Your assignment
Only the lines from the one containing "Image of the Better Tab extension virus" to the end of the data below belong in the answer, each repeated exactly; no pictures.

Recorded information
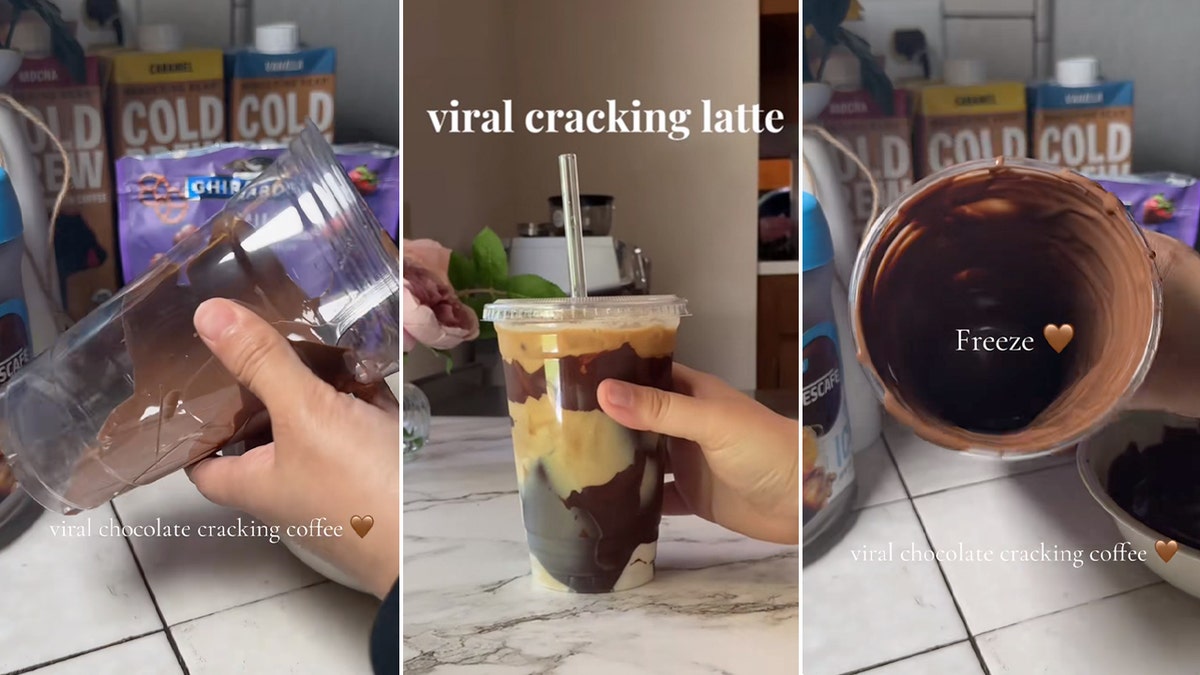 viral cracking latte split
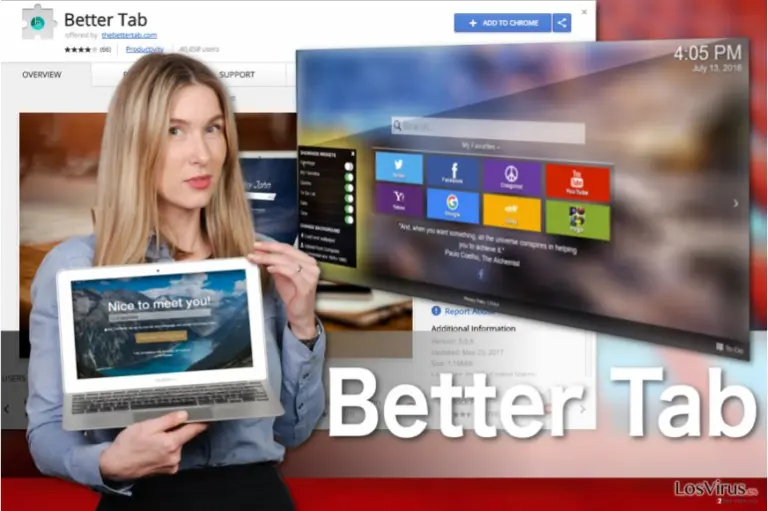Image of the Better Tab extension virus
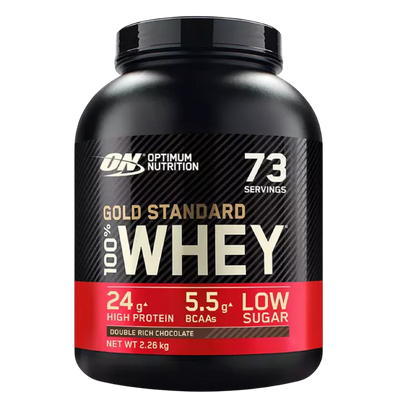 Optimum Nutrition Gold Standard 100% Whey Protein Double Rich Chocolate 2.27Kg 5.5g BCAA  24g Protein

Solution
Image of the Better Tab extension virus
 Optimum Nutrition Gold Standard 100% Whey Protein Double Rich Chocolate 2.27Kg 5.5g BCAA  24g Protein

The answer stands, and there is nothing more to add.